Genel SağlıkHABERLER

KANSER TEDAVİSİ ÖNCESİ ÜREMEYİ KORUMAK MÜMKÜN KANSER HASTALARI DA ÇOCUK SAHİBİ OLABİLİYOR

Kemoterapi, radyoterapi gibi kanser tedavileri, pek çok yan etkinin yanı sıra kısırlık riskini de beraberinde getiriyor. Ancak tedaviye başlamadan önce sperm, yumurta ve embriyo dondurma yöntemleri ile üremenin korunması mümkün. Eurofertil Tüp Bebek Merkezi Laboratuar Direktörü Dr. Elif Ergin, özellikle genç yaşta hastalığa yakalananların geleceği düşünerek üremeyi garanti altına almaları gerektiğini vurguladı.

Türkiye’de sadece kanser gibi zorunluluk hallerinde Sağlık Bakanlığı’nın izin verdiği “sperm ve yumurta dondurma” işlemi, kanser hastalarının gelecekte çocuk sahibi olmasının kapısını açıyor. Zor ve yan etkileri fazla olan tedavi süreci öncesinde başvurulan yöntemin başarı oranı da azımsanmayacak düzeyde.

Dr. Elif Ergin, hem embriyo hem de yumurta ve sperm dondurmanın, başarısı kanıtlanmış yöntemler olduğunun altını çizerek kanser tanısı konmuş hastaların tedaviden önce bu yönteme başvurmalarını önerdi.

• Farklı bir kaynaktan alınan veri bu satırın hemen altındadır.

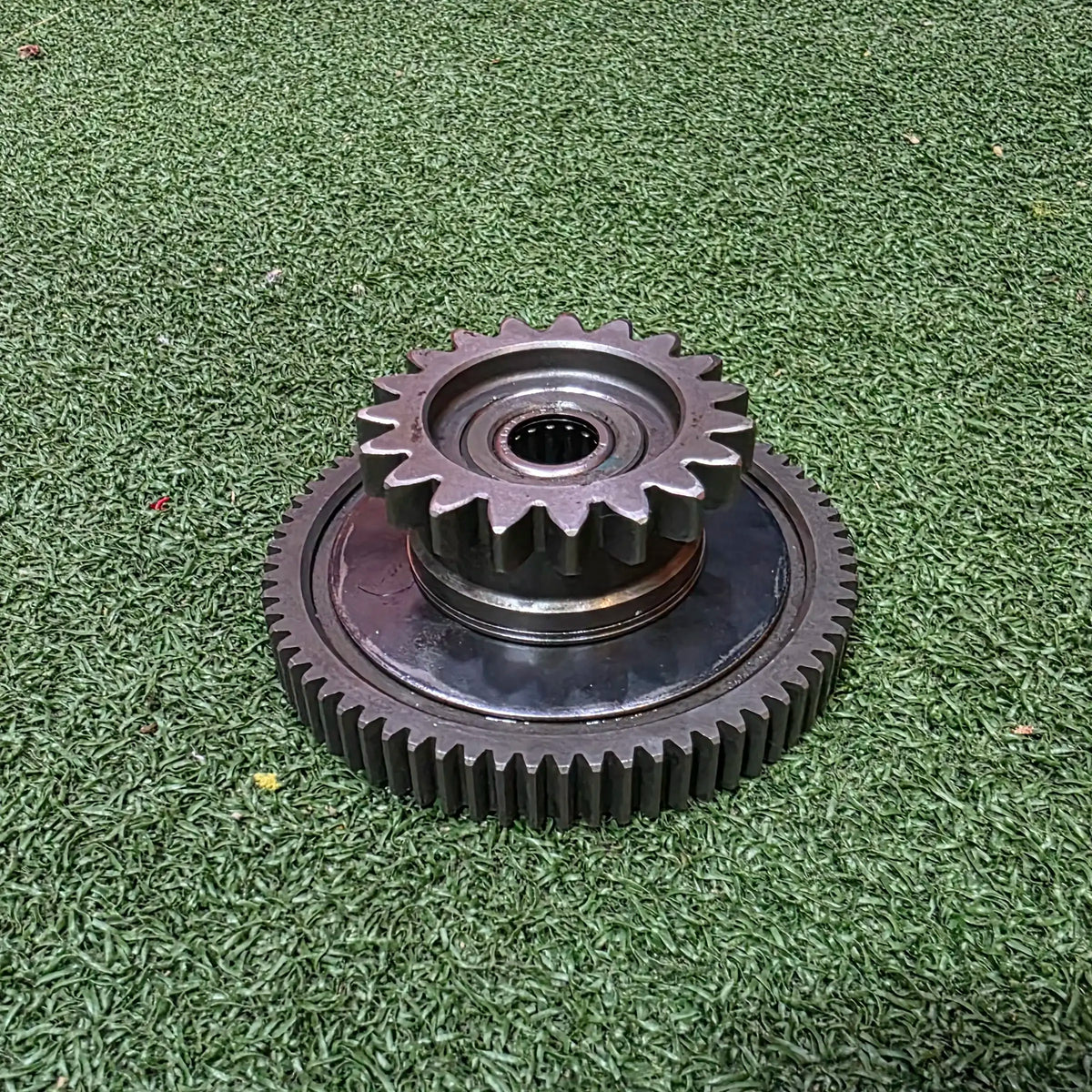 Jawa 42 slipper clutch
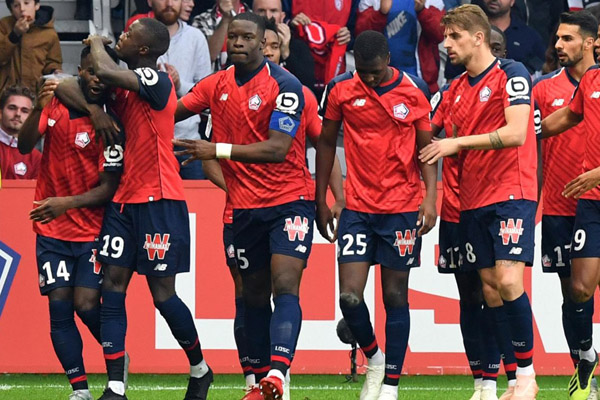  Hasil Liga Prancis: Bamba & Galtier Hajar Eks-Timnya, Lille Dekati PSG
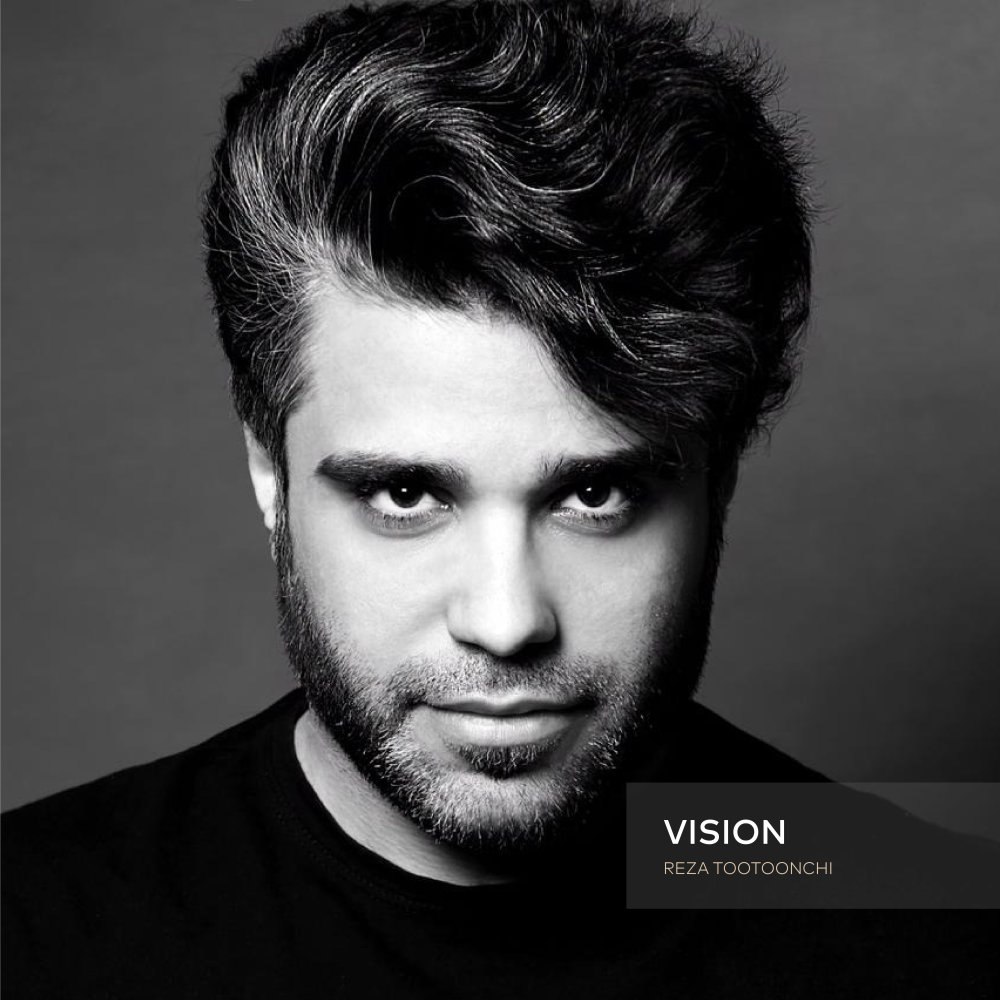 ویسیون رضا توتونچی FIVETAMUSIC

Dondurma yönteminde -196 derecede embriyo, sperm ve yumurtaların 5 yıl boyunca saklanabildiğini, sonrasında bu sürenin Sağlık Bakanlığı izni ile uzatılabildiğini belirten Dr. Ergin, konu ile ilgili şu bilgileri verdi: “Kanser tedavisi öncesi başvuran hastalarımızın durumlarına göre, eğer hasta evli ise normal bir tüp bebek süreci izleyerek embriyo donduruyoruz. Eğer bekar ve genç yaşta bir hasta ise yumurta ya da spermleri dondurarak saklıyoruz.”

DONDURULMUŞ EMBRİYODA BAŞARI ORANI YÜZDE 40

Toplumdaki yaygın inanışın aksine araştırmalar, dondurulmuş sperm-yumurta ve embriyolardan elde edilen gebeliklerin başarı oranlarının yüksek olduğunu ortaya koyuyor. Dr. Elif Ergin, eskiden dondurulan her 100 embriyodan 60’ı canlı kalırken, günümüz teknolojisi ile dondurulan embriyoların yüzde 95’inin sağlıklı olarak çözülebildiğini belirtiyor. Dr. Ergin, dondurulmuş embriyolarda geçmişte gebelik şansı yüzde 20’lerde iken şimdilerde gebelik şansının yüzde 40’lara kadar ulaştığının altını çiziyor.

Ayrıca araştırmalar, bu yolla doğan bebeklerde anomali açısından risk olmadığını da gösteriyor.